Find out more about my book, The Silver Swan: In Search of Doris Duke, now available in paperback.
Doris Duke may have struggled with it—impossible to tell, now, although as a woman with well-developed philanthropic interests, she must at least have wondered if her generosity, in all its forms, could ever compensate for the destructive effects of nicotine addiction.
Tobacco was the basis of her fortune. That a large part of her inheritance consisted of stock in the Duke Power Company never seemed to affect the impression of ill-gotten gains; and the saying, “All great fortunes are founded on a crime” could not have been very comforting.
How to square her love for James Buchanan Duke, the father who adored her, with his role as the perfector of machine-rolled cigarettes and chief publicist for their worldwide spread? How to justify her money, even though it allowed her to create the Center for Islamic Studies in Hawaii and the Doris Duke Charitable Foundation—among many other contributions
The painful struggles of some descendants of the Sackler family to separate themselves from the tragedies of opioid addiction bring these questions to my mind. Their enormous philanthropic gifts, especially to the arts, cannot balance the harm of what their company produced, and conscientious heirs, living off that fortune, must find themselves in an unresolvable moral quandary.
And yet, how can we be responsible for, or even understand, the actions of those who went before us? “Buck” Duke grew up in serious poverty in the post-Civil War tobacco fields of central North Carolina. He saw his stepmother die, his half-brother so starved he only weighed 100 pounds as an adult (and for that reason was excused from active military service). To prevent that kind of calamity from overtaking relatives, friends, and especially his cherished only child, must have seemed to outweigh considerations of public health-that is, the health of people he never knew. He forbade his wife to smoke, and Doris apparently never did, but he himself indulged in specially made cigars which did not seem to imperil his robust health.
It’s possible to see some value in his rationalization: People have always smoked and will always smoke and an entrepreneur who fails to take advantage of this is a fool.
In the end, love may matter more than consequences, the love Buck expressed in letters to his little daughter, when he told her he expected her to become a fine lady and would do everything in his power to assure that outcome.

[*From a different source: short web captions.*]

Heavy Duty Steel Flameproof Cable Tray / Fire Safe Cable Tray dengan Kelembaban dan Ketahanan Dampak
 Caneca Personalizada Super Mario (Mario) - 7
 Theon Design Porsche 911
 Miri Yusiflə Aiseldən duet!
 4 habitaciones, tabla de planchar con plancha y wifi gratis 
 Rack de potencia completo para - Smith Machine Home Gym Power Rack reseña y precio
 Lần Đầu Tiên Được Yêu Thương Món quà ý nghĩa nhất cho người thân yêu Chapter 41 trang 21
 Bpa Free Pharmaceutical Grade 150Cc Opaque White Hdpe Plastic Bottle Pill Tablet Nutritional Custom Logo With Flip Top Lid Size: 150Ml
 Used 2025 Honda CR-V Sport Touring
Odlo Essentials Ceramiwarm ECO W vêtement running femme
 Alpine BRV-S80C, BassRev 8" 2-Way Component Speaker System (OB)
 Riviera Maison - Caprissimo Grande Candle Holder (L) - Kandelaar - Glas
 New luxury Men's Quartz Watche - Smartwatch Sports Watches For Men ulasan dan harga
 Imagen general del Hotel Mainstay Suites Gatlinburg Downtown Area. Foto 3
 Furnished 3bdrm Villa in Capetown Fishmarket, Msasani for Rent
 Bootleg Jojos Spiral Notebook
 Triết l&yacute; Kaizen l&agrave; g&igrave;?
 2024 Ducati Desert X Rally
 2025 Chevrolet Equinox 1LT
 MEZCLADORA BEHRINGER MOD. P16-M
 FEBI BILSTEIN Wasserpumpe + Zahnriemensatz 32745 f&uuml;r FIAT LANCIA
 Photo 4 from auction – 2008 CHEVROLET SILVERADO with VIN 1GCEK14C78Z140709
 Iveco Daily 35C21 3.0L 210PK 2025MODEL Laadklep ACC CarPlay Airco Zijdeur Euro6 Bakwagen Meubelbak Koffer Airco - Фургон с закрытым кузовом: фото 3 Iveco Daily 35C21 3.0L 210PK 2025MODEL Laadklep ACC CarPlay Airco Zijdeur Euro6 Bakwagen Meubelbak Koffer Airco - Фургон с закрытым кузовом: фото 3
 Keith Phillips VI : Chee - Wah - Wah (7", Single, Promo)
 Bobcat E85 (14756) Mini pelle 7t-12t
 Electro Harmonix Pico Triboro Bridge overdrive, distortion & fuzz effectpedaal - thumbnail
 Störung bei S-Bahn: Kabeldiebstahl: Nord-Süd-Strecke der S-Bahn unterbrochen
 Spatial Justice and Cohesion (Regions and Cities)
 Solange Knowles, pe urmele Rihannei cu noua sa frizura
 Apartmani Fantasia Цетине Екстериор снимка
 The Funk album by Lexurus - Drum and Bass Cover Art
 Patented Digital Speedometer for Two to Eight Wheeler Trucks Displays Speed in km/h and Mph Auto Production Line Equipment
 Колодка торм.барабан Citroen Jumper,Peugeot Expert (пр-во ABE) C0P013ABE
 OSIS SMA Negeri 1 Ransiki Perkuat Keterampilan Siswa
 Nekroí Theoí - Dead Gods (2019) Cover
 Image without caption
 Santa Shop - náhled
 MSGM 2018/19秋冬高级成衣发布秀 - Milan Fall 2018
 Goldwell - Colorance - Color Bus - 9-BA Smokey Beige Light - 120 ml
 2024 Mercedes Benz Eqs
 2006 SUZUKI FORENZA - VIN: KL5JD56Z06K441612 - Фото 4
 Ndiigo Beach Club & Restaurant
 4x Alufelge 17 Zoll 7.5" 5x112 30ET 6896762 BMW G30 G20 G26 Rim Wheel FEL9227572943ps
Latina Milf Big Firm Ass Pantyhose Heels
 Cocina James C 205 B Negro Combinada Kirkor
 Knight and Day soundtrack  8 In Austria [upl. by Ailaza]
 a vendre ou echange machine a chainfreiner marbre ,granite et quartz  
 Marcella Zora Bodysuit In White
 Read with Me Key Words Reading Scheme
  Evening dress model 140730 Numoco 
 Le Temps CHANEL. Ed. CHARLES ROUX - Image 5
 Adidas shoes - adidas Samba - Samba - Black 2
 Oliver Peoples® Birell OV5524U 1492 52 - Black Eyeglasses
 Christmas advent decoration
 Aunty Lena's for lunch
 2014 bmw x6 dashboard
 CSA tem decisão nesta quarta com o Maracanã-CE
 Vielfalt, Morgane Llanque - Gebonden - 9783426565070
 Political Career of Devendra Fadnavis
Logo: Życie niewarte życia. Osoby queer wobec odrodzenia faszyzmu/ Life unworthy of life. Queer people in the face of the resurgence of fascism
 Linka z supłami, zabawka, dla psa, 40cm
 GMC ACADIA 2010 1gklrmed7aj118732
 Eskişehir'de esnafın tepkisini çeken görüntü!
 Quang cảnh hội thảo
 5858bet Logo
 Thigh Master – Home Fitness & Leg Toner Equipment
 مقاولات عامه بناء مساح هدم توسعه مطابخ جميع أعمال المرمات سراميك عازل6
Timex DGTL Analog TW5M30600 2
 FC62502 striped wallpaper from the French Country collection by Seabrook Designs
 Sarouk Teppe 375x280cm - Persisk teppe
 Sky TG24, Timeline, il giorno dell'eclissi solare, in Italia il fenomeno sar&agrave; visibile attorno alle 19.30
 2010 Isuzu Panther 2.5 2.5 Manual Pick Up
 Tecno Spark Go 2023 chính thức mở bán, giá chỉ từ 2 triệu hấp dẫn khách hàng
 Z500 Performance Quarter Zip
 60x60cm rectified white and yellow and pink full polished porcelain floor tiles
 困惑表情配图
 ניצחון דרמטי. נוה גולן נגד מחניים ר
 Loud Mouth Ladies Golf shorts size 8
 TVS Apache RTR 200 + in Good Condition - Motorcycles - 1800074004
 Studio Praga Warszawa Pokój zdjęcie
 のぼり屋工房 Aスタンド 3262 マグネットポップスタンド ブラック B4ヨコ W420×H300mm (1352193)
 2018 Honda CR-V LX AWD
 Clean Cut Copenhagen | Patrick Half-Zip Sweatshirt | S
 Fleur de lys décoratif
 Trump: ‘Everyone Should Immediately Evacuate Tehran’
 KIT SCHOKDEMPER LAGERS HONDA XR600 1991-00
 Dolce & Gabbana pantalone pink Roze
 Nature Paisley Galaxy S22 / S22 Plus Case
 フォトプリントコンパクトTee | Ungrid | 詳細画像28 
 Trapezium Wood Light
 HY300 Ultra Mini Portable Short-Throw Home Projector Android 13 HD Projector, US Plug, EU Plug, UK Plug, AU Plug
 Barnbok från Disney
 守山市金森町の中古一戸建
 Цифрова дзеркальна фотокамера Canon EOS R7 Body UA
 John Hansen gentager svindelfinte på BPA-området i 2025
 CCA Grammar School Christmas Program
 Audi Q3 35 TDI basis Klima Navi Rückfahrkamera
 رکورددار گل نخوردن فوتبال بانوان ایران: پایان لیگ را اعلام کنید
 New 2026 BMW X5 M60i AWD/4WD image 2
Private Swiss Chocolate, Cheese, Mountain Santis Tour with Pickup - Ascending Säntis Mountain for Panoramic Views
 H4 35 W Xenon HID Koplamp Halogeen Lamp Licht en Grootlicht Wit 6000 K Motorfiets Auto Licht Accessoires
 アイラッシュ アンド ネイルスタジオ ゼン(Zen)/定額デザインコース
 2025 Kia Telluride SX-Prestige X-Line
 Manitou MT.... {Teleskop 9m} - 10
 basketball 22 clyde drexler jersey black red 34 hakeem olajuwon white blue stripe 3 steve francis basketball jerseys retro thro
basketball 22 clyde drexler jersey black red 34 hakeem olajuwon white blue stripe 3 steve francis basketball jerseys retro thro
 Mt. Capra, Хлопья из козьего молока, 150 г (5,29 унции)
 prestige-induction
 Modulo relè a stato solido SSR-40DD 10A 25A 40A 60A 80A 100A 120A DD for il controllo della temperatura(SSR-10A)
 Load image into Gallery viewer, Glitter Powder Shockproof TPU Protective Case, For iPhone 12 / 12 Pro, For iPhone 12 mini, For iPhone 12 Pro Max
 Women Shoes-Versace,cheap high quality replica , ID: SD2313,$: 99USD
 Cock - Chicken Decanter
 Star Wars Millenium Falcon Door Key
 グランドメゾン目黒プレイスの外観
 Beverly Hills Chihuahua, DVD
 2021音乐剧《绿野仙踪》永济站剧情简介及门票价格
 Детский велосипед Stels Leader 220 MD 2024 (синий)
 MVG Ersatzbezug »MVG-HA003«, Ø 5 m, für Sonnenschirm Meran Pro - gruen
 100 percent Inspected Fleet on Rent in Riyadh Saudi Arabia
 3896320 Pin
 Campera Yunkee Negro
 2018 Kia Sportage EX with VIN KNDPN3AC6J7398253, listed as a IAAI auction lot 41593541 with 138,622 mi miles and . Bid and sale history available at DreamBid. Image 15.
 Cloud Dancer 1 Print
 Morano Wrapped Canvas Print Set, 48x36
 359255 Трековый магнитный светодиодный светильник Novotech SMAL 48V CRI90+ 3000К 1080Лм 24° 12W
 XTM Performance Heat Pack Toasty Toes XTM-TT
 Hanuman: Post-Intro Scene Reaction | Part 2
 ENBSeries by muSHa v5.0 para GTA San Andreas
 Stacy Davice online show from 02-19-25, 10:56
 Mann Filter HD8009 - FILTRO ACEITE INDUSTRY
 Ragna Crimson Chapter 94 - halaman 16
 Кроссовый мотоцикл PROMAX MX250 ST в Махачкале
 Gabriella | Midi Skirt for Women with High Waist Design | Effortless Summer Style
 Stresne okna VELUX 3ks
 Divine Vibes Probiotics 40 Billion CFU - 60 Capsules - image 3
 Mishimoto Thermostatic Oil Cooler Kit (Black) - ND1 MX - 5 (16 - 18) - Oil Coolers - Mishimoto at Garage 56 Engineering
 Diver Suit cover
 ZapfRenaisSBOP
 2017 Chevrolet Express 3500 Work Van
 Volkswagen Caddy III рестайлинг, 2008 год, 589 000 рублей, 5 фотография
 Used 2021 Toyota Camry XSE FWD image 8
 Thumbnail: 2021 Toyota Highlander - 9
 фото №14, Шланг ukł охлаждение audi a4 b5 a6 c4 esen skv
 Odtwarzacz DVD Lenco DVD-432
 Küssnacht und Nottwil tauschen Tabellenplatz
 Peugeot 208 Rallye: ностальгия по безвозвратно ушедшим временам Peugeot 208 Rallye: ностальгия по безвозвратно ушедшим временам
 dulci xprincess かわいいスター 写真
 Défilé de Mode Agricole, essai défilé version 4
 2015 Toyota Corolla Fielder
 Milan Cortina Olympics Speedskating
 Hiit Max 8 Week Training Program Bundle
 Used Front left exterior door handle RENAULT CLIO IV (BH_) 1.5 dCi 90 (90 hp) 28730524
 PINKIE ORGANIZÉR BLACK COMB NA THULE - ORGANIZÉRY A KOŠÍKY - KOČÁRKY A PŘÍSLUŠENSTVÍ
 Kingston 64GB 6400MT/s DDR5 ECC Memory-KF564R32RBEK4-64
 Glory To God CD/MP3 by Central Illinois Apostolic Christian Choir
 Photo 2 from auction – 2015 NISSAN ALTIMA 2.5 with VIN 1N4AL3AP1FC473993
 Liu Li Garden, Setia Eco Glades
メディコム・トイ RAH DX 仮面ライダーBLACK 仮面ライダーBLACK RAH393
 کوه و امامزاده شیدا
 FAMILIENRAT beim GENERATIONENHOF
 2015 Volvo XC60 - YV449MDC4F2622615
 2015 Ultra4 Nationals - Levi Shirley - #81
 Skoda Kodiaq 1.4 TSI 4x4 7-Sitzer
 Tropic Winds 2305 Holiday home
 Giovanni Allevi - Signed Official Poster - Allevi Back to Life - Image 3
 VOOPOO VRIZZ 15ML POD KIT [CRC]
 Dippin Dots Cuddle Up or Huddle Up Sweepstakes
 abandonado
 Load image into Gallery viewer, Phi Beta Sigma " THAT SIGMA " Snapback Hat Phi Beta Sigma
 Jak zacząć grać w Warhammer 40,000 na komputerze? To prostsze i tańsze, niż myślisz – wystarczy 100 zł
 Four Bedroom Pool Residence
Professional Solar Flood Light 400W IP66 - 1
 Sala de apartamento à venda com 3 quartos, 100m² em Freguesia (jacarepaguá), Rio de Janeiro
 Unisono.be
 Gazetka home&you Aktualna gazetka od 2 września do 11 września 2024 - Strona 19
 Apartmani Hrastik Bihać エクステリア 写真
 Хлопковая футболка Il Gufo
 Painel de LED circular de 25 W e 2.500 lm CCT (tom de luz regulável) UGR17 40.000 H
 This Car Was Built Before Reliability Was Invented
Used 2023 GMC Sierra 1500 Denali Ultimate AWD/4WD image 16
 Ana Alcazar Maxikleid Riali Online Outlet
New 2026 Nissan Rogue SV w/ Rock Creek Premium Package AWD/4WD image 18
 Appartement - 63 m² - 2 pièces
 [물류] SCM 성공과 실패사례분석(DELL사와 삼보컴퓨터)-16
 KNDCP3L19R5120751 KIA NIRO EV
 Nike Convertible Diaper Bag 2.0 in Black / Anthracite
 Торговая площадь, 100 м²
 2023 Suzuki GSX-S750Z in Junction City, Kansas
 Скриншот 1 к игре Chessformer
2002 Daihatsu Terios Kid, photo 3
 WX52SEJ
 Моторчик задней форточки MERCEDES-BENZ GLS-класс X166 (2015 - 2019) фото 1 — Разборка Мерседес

And a fine lady she did become, perhaps only possible for a woman who lives with some degree of denial.
Bill says
One should not use present-day scientific knowledge (i.e., tobacco is harmful) and moral standards to assess the actions of people of other eras. That is why I don’t make value judgments about Mr. Duke and other people who got wealthy off hedonistic products, such as the founders of the Brown liquor fortune in your home town.